Evaluation Using Interface

Input:

  • Required Inputs:
    • output: The output column generated by model.

Output:

  • Result: Passed / Failed

Interpretation:

  • Passed: The output does not contain toxic language.
  • Failed: The output contains toxic language.

Evaluation Using Python SDK

Click here to learn how to setup evaluation using the Python SDK.

Input:

  • Required Inputs:
    • output: string - The output column generated by the model.

Output:

  • Result: bool - 0/1

Interpretation:

  • 0: The output contains toxic language.
  • 1: The output does not contain toxic language.
from fi.testcases import TestCase
from fi.evals.templates import Toxicity

toxicity_eval = Toxicity()

test_case = TestCase(
    input="Hello! Hope you're having a wonderful day!"
)

result = evaluator.evaluate(eval_templates=[toxicity_eval], inputs=[test_case])
toxicity_result = result.eval_results[0].metrics[0].value


What to do when Toxicity is Detected

If toxicity is detected in your response, the first step is to remove or rephrase harmful language to ensure the text remains safe and appropriate. Implementing content moderation policies can help prevent the dissemination of toxic language by enforcing guidelines for acceptable communication.
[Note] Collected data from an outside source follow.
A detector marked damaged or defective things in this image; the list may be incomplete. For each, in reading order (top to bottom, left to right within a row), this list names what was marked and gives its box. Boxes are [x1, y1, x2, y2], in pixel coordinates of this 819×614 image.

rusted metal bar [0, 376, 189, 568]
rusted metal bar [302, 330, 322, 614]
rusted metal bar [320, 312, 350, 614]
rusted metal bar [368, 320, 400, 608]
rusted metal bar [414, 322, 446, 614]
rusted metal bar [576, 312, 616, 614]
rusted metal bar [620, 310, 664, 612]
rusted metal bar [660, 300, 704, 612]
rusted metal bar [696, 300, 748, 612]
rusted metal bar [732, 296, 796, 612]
Additionally, enhancing toxicity detection mechanisms can improve accuracy, reducing false positives while ensuring that genuinely harmful content is effectively identified and addressed.


Comparing Toxicity with Similar Evals

  1. Content Moderation: It focuses on assessing text for overall safety and appropriateness, identifying harmful or offensive content across various categories. In contrast, Toxicity Evaluation specifically targets the detection of toxic language, such as hate speech, threats, or highly inflammatory remarks.
  2. Tone Analysis: It evaluates the emotional tone and sentiment of the text, determining whether it is neutral, positive, or negative. While it provides insights into how a message may be perceived, Toxicity Evaluation is more concerned with identifying language that is explicitly harmful or offensive, regardless of sentiment.